ビンゴー・キッドの洋書日記

英米を中心に現代から古典まで、海外の作品を英語で読み、論評をくわえるブログです

“How It All Began” 雑感

 Penelope Lively の最新作、"How It All Began" を読んでいる。ぼくは87年のブッカー賞受賞作、"Moon Tiger" にノックアウトされて以来、彼女の作品を少しずつ catch up していたのだが、数えてみると積ん読中のものが5冊もあり、いつのまにか最近作にも手が出なくなっていた。けれども、今まで読んだ本は中身こそ忘れてしまったものの、どれもとても楽しかった。その記憶だけは鮮明にのこっている。
 というわけで、今回、今年のブッカー賞「ロングリスト候補作」をいろいろ調べているうちに、この "How It All Began" も取り沙汰されているのを知り、急遽買い求めた。
 冒頭、70代の老婦人が路上強盗にあう。お、アクションか、昔のイメージとちょっとちがうな、と一瞬思ったが、そのあとの展開はそうそう、旧作もこんな調子でした。それをひとことで言えば、英国小説の伝統の味わいである。以前、「ペネロピ・ライヴリー賛」と題して発表・削除したレビューがあるので再録しておこう。本書にも当てはまる部分が多いと思う。(点数は今日つけました)。

Modern Classics According To Mark (Penguin Modern Classics)
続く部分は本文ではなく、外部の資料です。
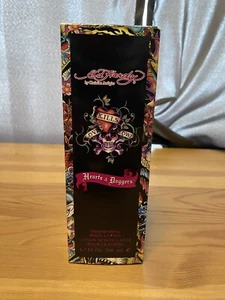 Ed Hardy HEARTS & DAGGERS schimmernde Körperlotion - 6,7 Oz/200 ml - Neu im Karton ~~RAR~~ - Bild 1 von 6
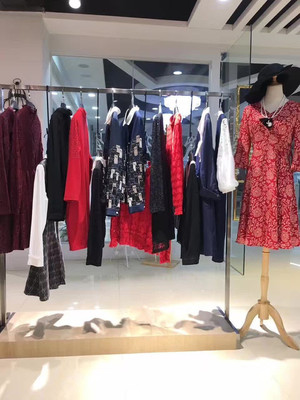 深圳品牌服裝庫存尾貨批發(fā)市場推薦圖片_高清圖_細(xì)節(jié)圖-廣州布梵 -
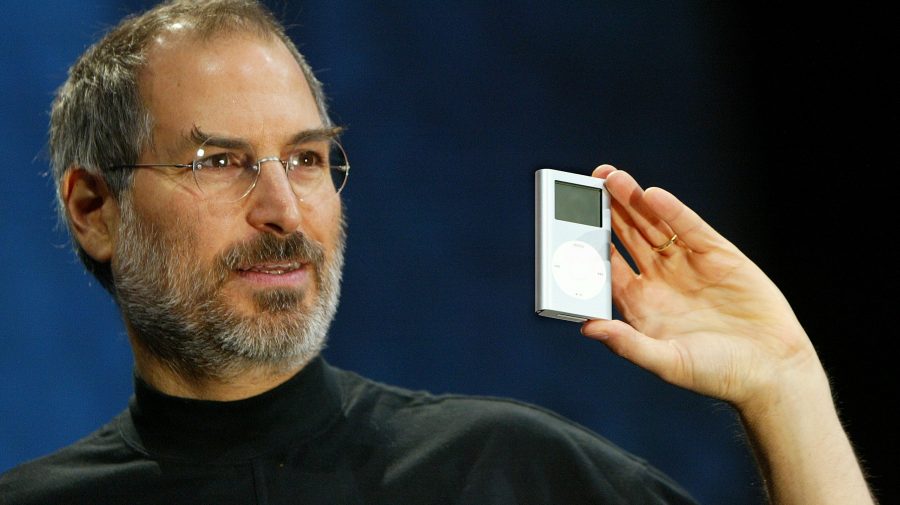 800.000 de dolari pentru un manual Apple semnat de Steve Jobs. Prin ce este atât de special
Modern Classics According To Mark (Penguin Modern Classics)

[☆☆☆★★★] 日本におけるペネロピ・ライヴリーの評価は不当に低すぎる。新刊で入手可能な訳書は少ないし、某社版『現代英語作家ガイド』でも採り上げられていない。しかし実は、彼女の小説はどれを読んでも面白い。本書も名作『ムーンタイガー』には一歩譲るものの、英国小説のファンなら至福の一日を過ごせること間違いなし。主人公は中年の伝記作家で、ある有名作家について調査を進めるうち、その孫娘と妻帯者の身ながら関係し…なんだ、月並みな話ではないかと侮ってはいけない。この一見凡庸とも言える設定から、ライヴリーは通俗的な展開を排し、大方の読者の予想を超える意外な物語をつむぎ出して見せる。その豊かなストーリー性に加え、正確な人物造形、精緻を極めた心理描写、緊張感のある会話、どれをとっても文句のつけようがない。物語の進行とともに主な登場人物が「自分の顔」を発見、あるいは暴露するという流れも定番ながら秀逸。書中、オースティンやハーディの話が出てくるから言うわけではないが、英国文学の伝統の重みを感じさせる作品でもある。それでも本書は84年度のブッカー賞を逃したのだから、相手が悪かったとしか言いようがない。難易度の高い単語が頻出するものの、英国の小説を楽しむには必須のものがほとんどだし、構文的には簡単。従って、ボキャブラリーを増やすのに恰好のテキストだろう。